Graverobbers (also known as Dead Mate) is a 1988 American black comedy horror film written and directed by Straw Weisman, and starring Elizabeth Mannino, David Myers Gregory, Lawrence Bockius, Jerry Rector, Judith Mayes, and Kelvin Keraga. Its plot follows a waitress in a small town who marries an undertaker and soon finds he and his friends may be involved in disturbing activities at the local funeral home.

==Plot==
In sleepy upstate New York, former New York City prostitute Nora Mae Edwards, who suffers with a sleep disorder, works the graveyard shift as a waitress in a local diner. One night, she meets John Henry Cox, a mysterious man who asks her to marry him. Nora impulsively agrees, resigning from her job at the diner and moving with him to the small town of Newbury, where John works as a mortician. The two have their wedding that night, attended by several pillars of the Newbury community.

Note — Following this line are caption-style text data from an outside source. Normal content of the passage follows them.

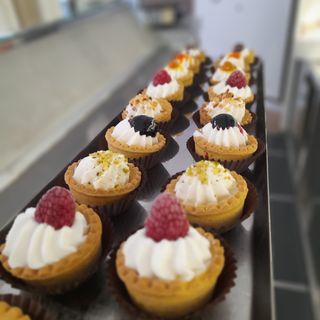 Pasticcini di semifreddo (12)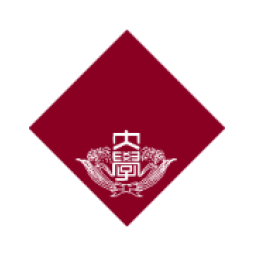 早稻田大学队标,早稻田大学图片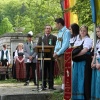 2010_05_08_1280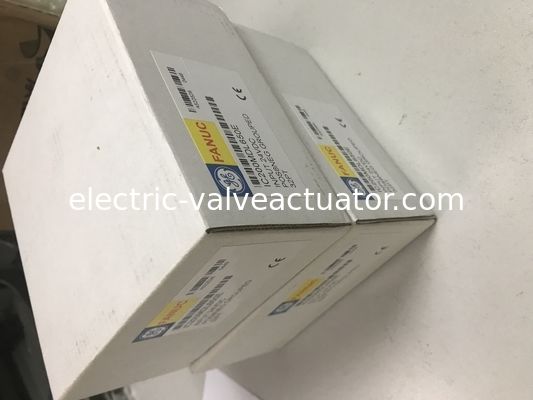 Goede prijs. GE Versamax IC694MDL940 Micro Analoge Uitbreidingseenheid PLC Module Nieuw Origineel online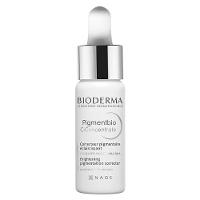 Sérum Concentrado Clareador e Antioxidante Bioderma - Pigmentbio C Concentrate - 1
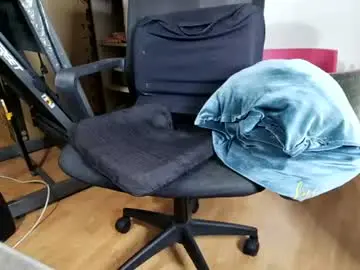 Chaturbate Adult Webcam of vellarossa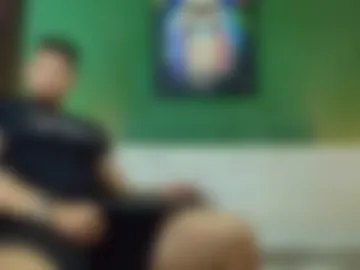 gendersonfit photo 4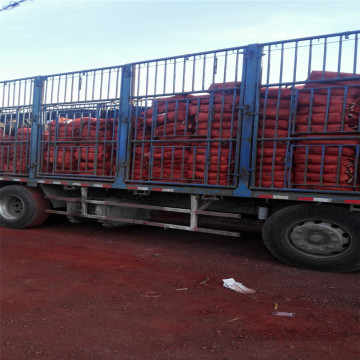 Iron Oxide Red For Cement Block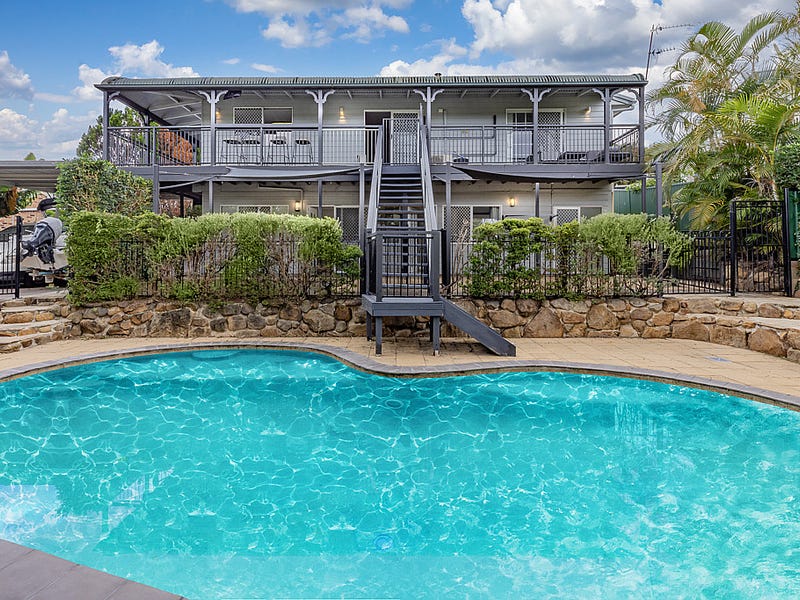 171 Pappas Way, Carrara, Qld 4211 House for Sale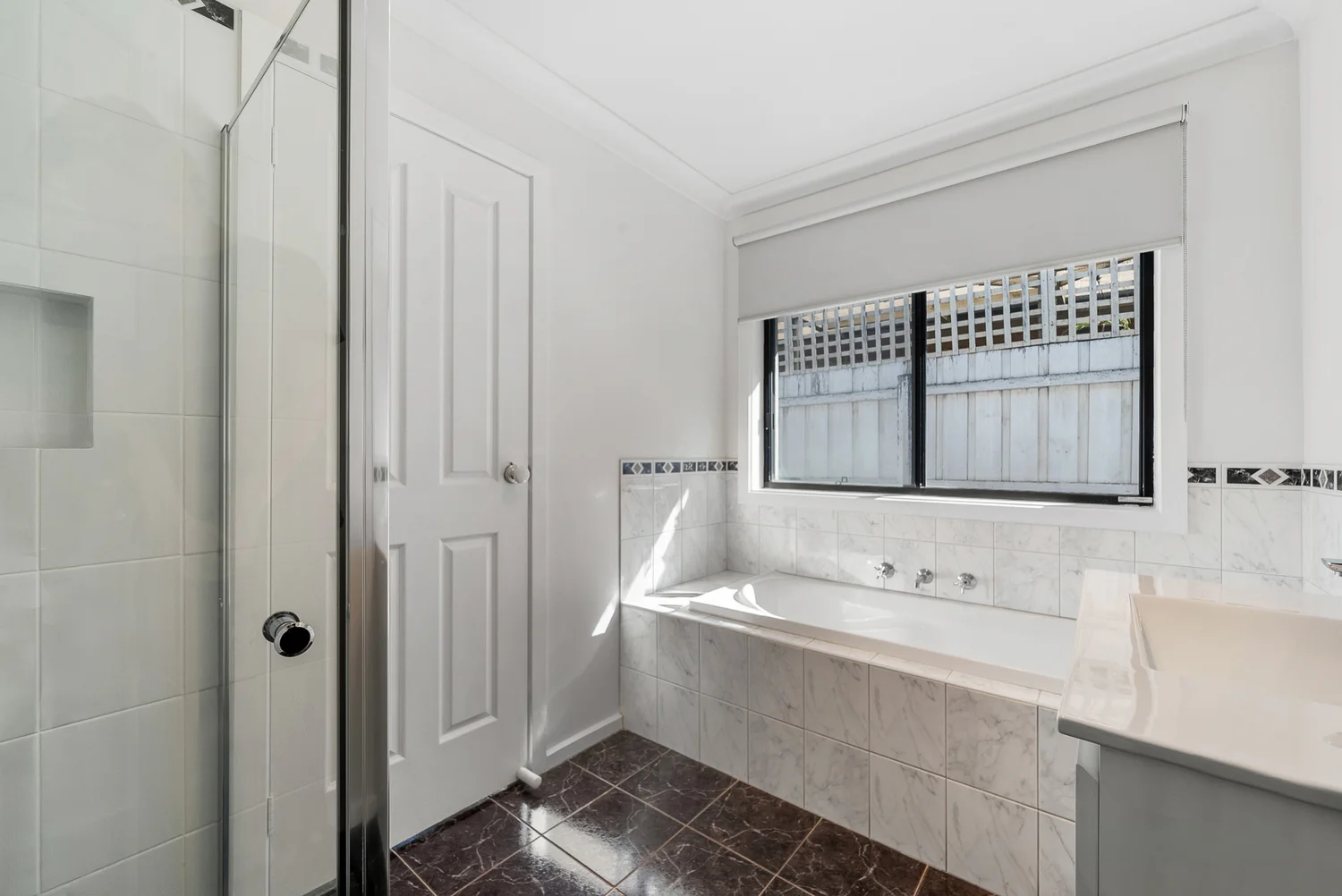 Additional image 11 of 8 Currie Drive, Delahey VIC 3037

Nora finds herself struggling to adjust to John's lifestyle, as his stately home is free of modern technology like television, and he keeps no clocks. After a young woman dies in a mysterious drowning accident, her brother, Evan Matthews arrives at the funeral home to identify the remains. Prior to her arrival at the funeral home, two of the Newbury ambulance drivers engage in necrophilia with the body. Later, Nora secretly watches in horror as John and the other townspeople send electrical currents through the dead woman's body before John declares she is "safe" and that they will not be able to contract AIDS.

After the funeral, Evan approaches Nora with his suspicions that something is awry in the town, and urges her not to allow John to get her near water. Nora questions her interpretation of events, unsure if what she witnessed was imagined or possibly a nightmare. That night, John offers Nora a warm bath to relax, which she reluctantly accepts despite Evan's warning. John attempts to drown Laura, but retracts, claiming he slipped and pushed her underneath the water.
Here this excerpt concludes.